Hashes

Hashing is a method used to verify data integrity.

A cryptographic hash function is a process that takes a block of data and creates a small fixed-sized hash value. It is a one-way function, meaning that if two different computers take the same data and run the same hash function, they should get the same fixed-sized hash value (for example, perhaps a 12-bit long hash). (Message digest 5 algorithm [MD5] is an example.) It is not possible (at least not realistically) to generate the same hash from a different block of data. This is referred to as collision resistance. The result of the hash is a fixed-length small string of data, and is sometimes referred to as the digest, message digest, or simply the hash.

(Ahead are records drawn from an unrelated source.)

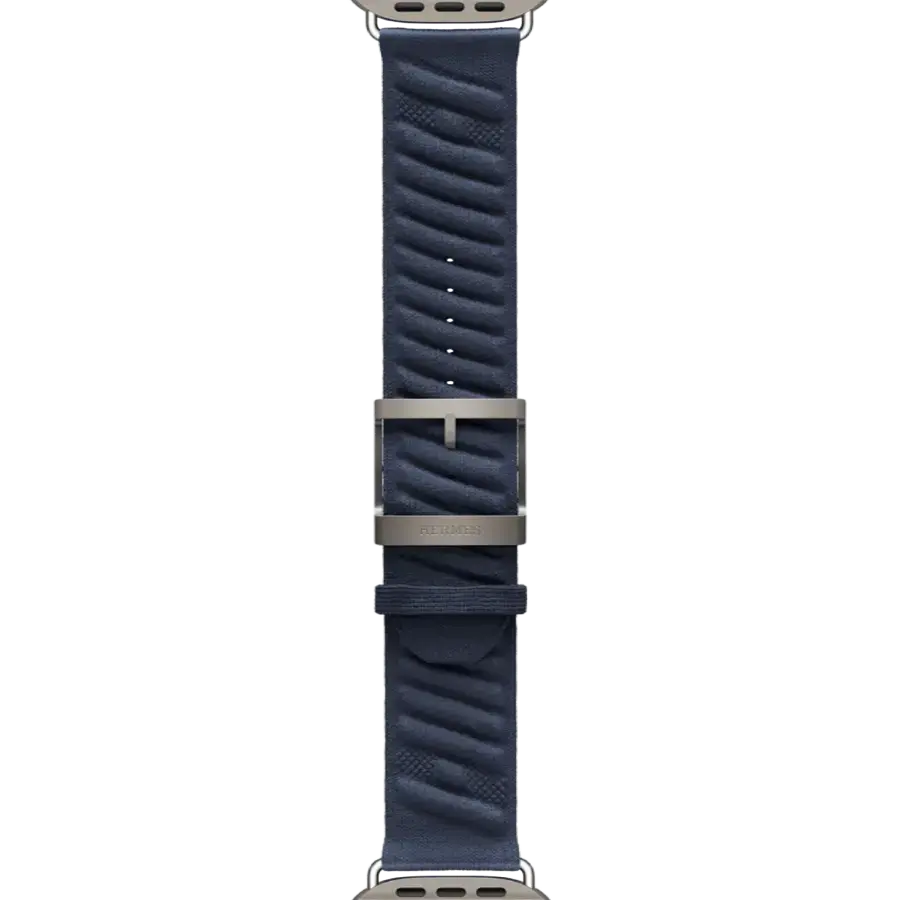 Apple Watch Hermès Ultra 2 2024 GPS + Cellular 49mm Natural Titanium Case with Bleu Nuit En Mer (MX773+MXJA3)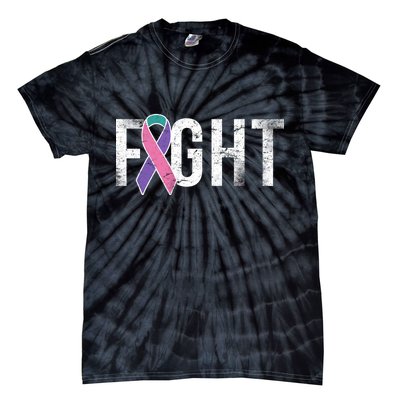 Fight Thyroid Cancer Tie-Dye T-Shirt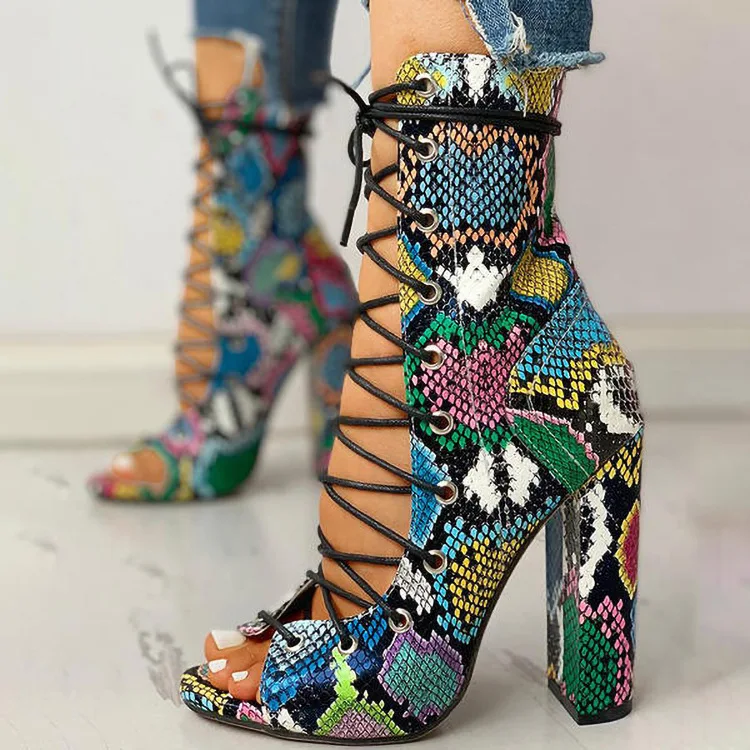 

2022 Spring Nightclub Serpentine Platform High Heels Women Fashion High Heels 10cm Heels Platform Sandals Party Wedding Shoes 40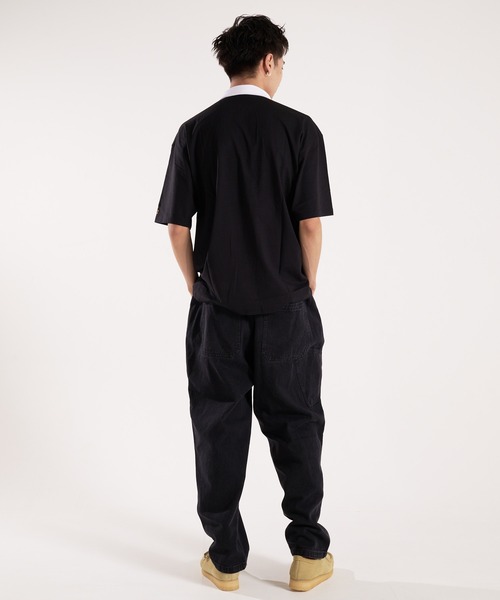 STARTER(スターター)の「STARTER-ハーフジップ衿配色Tシャツ(Tシャツ/カットソー・メンズ・ブラック/ベージュ・L/XL)」の22枚目の写真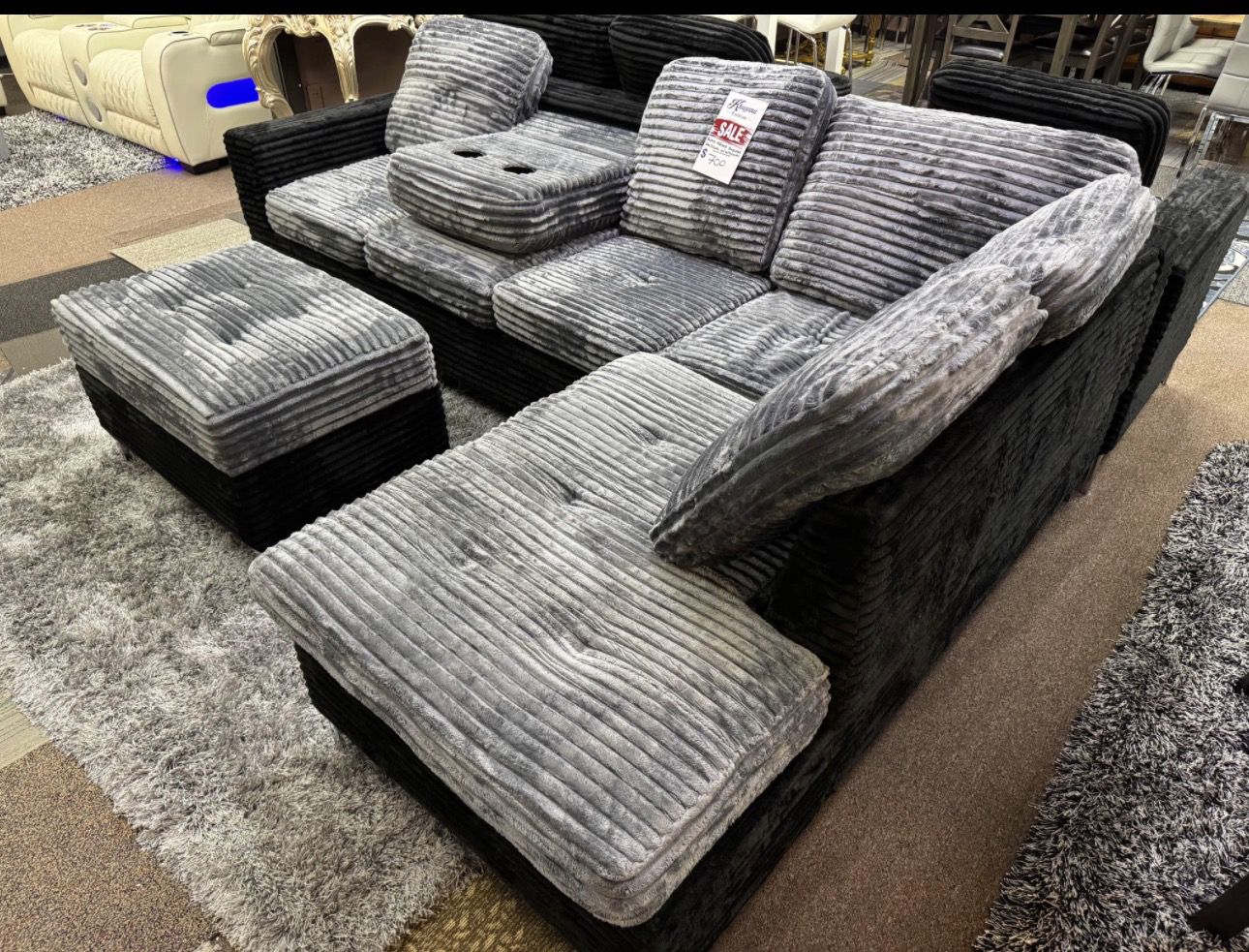NEW SECTIONAL SOFA AND OTTOMAN WITH FREE DELIVERY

An example of using a hash to verify integrity is the sender running a hash algorithm on each packet and attaching that hash to the packet. The receiver runs the same hash against the packet and compares his results against the results the sender had (which were attached to the packet, as well). If the hash generated matches the hash that was sent, we know that the entire packet is intact. If a single bit of the hashed portion of the packet is modified, the hash calculated by the receiver will not match, and the receiver will know that the packet had a problem, specifically with the integrity of the packet.

The three most popular types of hashes are as follows:

Message digest 5 (MD5): This creates a 128-bit digest.

Secure Hash Algorithm 1 (SHA-1): This creates a 160-bit digest.

Secure Hash Algorithm 2 (SHA-2): Options include a digest between 224 bits and 512 bits.

With encryption and cryptography, and now hashing, bigger is better, and more bits equals better security.